**Exercise brief:** This task calls for the lines below starting at the one containing "Used 2020 Chevrolet" and ending at the one containing "Collection of 7", repeated exactly with both ends kept and pictures left out.

== Records supplied

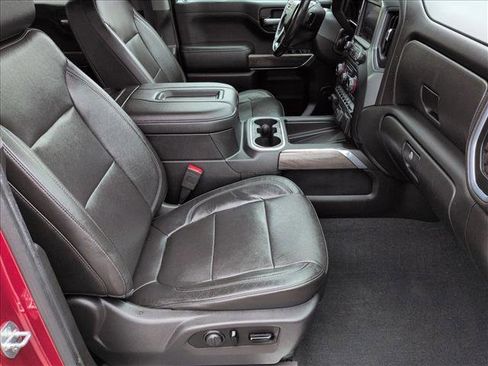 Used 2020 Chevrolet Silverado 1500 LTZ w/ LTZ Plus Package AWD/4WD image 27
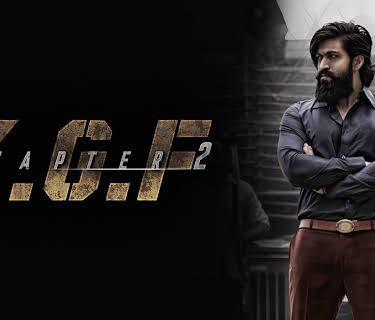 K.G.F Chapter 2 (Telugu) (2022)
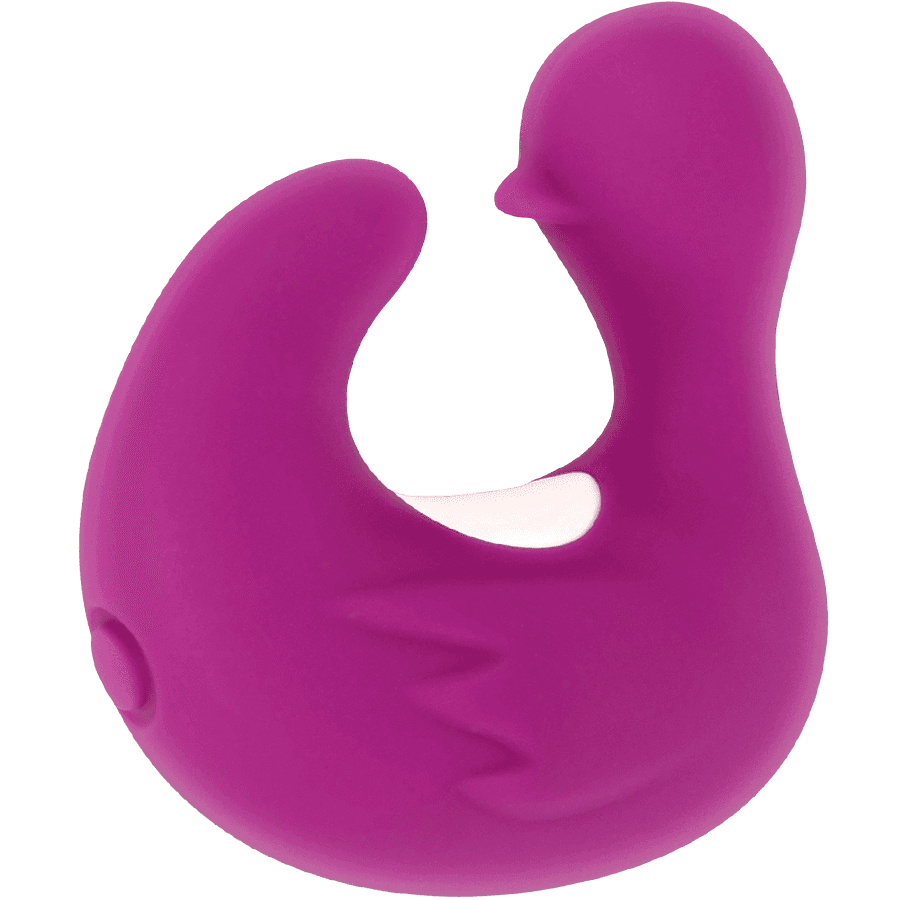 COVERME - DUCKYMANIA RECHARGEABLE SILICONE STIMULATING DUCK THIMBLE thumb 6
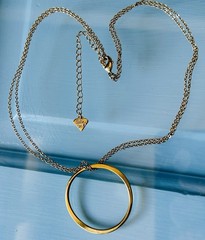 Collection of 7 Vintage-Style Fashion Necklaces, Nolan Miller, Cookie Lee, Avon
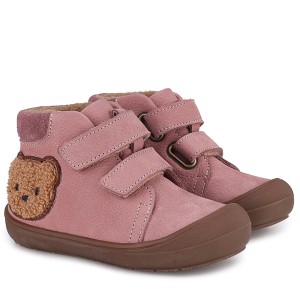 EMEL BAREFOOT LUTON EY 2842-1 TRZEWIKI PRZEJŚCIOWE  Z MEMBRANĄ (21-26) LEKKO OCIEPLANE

====
== Records supplied

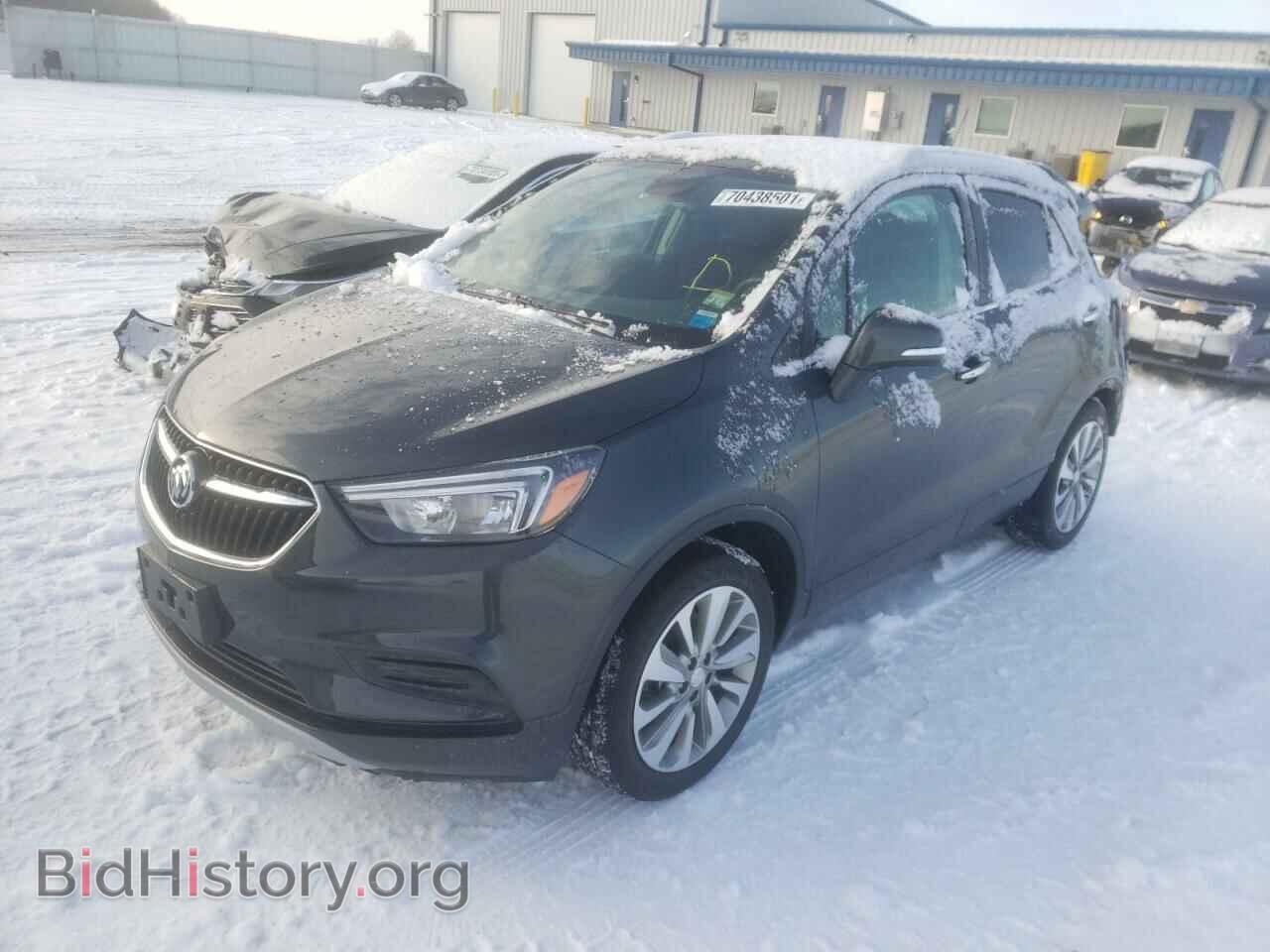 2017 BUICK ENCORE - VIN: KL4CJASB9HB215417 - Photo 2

====

**Output for this exercise:**
 Used 2020 Chevrolet Silverado 1500 LTZ w/ LTZ Plus Package AWD/4WD image 27
 K.G.F Chapter 2 (Telugu) (2022)
 COVERME - DUCKYMANIA RECHARGEABLE SILICONE STIMULATING DUCK THIMBLE thumb 6
 Collection of 7 Vintage-Style Fashion Necklaces, Nolan Miller, Cookie Lee, Avon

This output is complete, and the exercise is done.